I went to an event last night at the Forest Cafe in Edinburgh. American poet, Elizabeth Gold, who has recently moved to Edinburgh, was on the bill. I’d heard her read a few poems before and had been impressed by them. I enjoyed meeting up with her and her husband. I also met a very nice Bulgarian poet and writer (who writes in English), Kapka Kassabova, whose new collection, Geography for the Lost (looks really good!), has just been published by Bloodaxe, and who had come to cheer on Elizabeth.

The venue itself was OK – haphazardly-arranged candlelit tables, movies playing on a side-wall with the sound turned off, a bar selling home-made snacks, a strange mixture of smells: food, alcohol and sweat – it brought me back to my student days and the place was indeed full of students.

Other than Elizabeth’s set, the event itself was abysmal. In fact, it reminded me of how bad things can get. It was like the worst of performance poetry without any attempt at performance. The lowest point of the evening came when a young man announced he would read a story, which “wasn’t too long and wasn’t too short either.” It’s usually a mistake to draw attention to the length of a piece, particularly when it turns out to be fifty minutes long, particularly when it’s crap, particularly when you only have enough material for a two-minute vignette.

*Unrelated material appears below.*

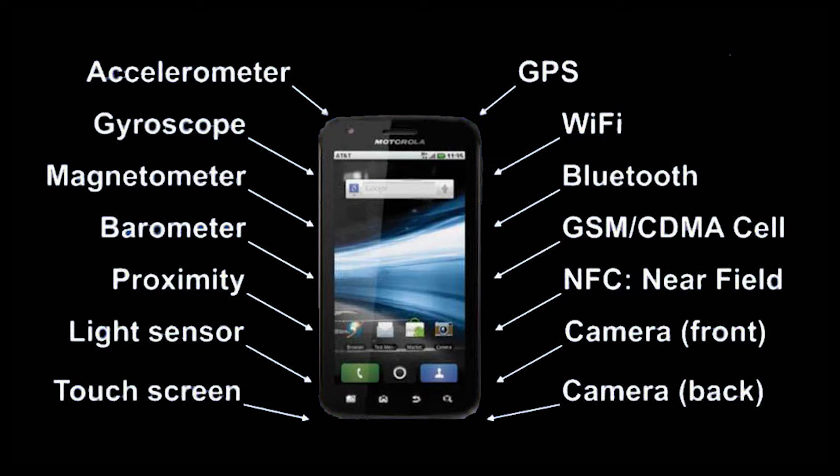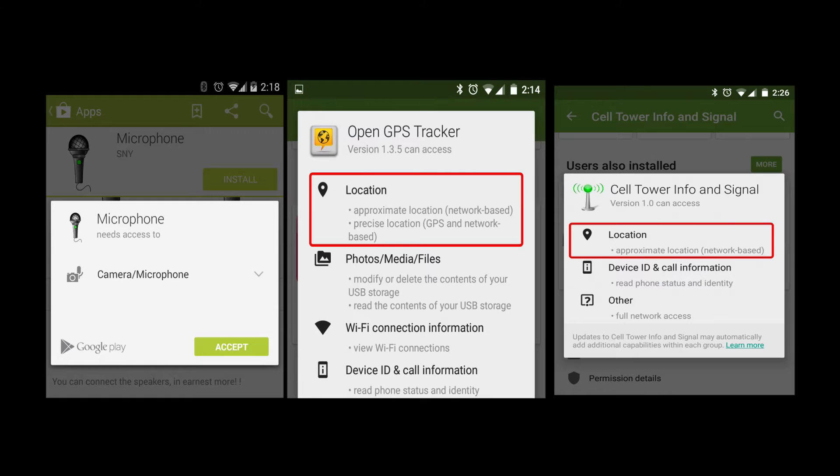Smartphones have many well-known sensors, such as the camera, the GPS receiver, the microphone and more. Since these are known to reveal private information about users, they are secured by permissions.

I could forgive the others – they got up on stage, read their poems for five minutes, and sat down. Fair enough. They had nothing to say, but at least they didn’t take long to say it. I’ve been there myself, perhaps sometimes I’m still there. The boring guitarist played for longer, but it was possible to talk quietly during his set, as he was amplified and easily audible over conversation. It was like having live mall music. Or perhaps traffic noise through an open window. But the story was excruciatingly bad.

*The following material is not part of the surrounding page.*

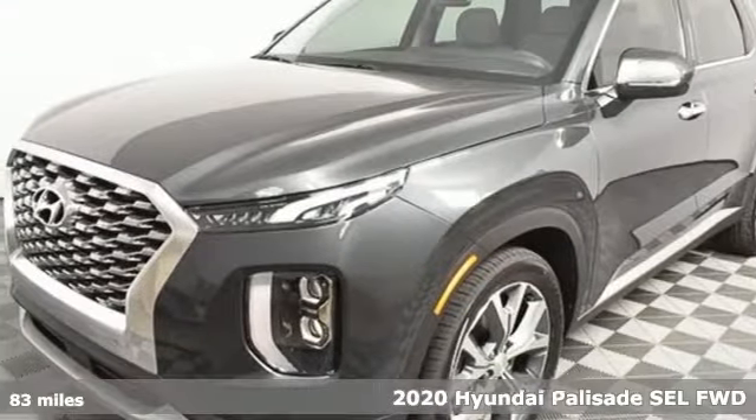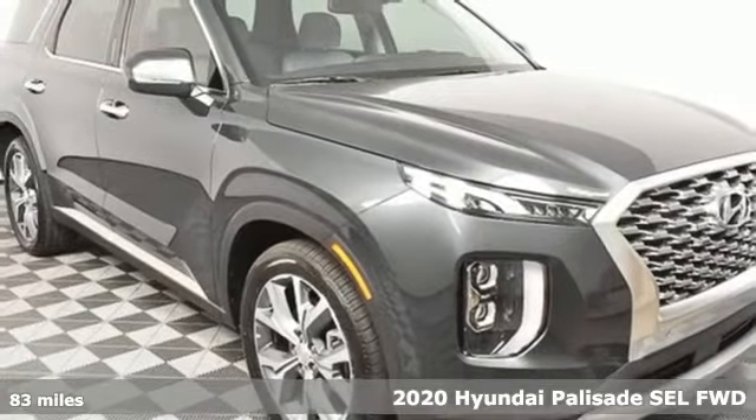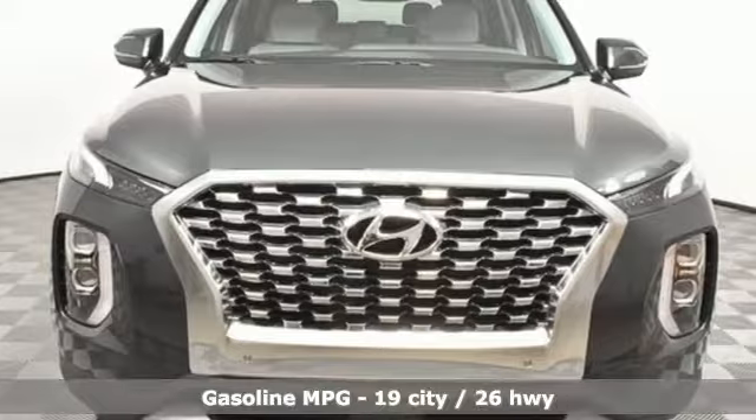It's a new 2020 Hyundai Palisade. Hyundai's attention to detail means a better driving experience for you. And with features like these, every drive's a pleasure.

Louise Doughty, says something along the lines of how the problem with most stories written by beginners is that nothing happens. Of course, the longer nothing happens, the worse it gets.

Elizabeth read well. It wasn’t the ideal venue for her, but her poems worked well and she even drew a good round of applause. She read her first ever published poem, about a killer spider, from a 1998 Notre Dame Review, which I confess I read on the page around the 35-minute mark of the aforementioned story. Maybe I missed the story’s high point!

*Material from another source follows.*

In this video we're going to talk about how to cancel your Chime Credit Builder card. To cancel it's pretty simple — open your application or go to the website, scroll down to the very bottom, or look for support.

I caught the last bus home, but a fight broke out at the bus stop, which involved three men and several women who were with the men. A quite beautiful Spanish woman and I stood there in astonishment as fists flew and bodies fell around us. We just had to remain motionless and hope that none of the participants would notice us and take a swing. Luckily the bus arrived, and we both got on in one piece. It was one of those nights…

4 comments:

Reading the Signs said...

Hello - I have tagged you (8 random things) - hope you don't mind.

Rob said...

Hi RtS - I don't mind at all. Although whether I ever do it is another matter.

George S said...

Delighted to hear about Elizabeth's reading, Rob. I thought she was very good in masterclass at St Andrews and since she was new in Edinburgh, put her in touch with Kapka who lives there. Good things happen.

Rob said...

I didn't ask Elizabeth and Kapka how they had met, but it's interesting to know.

One thing that struck me was that Kapka had read around Edinburgh only at the university, and Elizabeth was also finding it hard to get places to read poetry in Edinburgh.

We need a new venue for quality poetry and other literature/art forms. I've started to work on it! We'll see.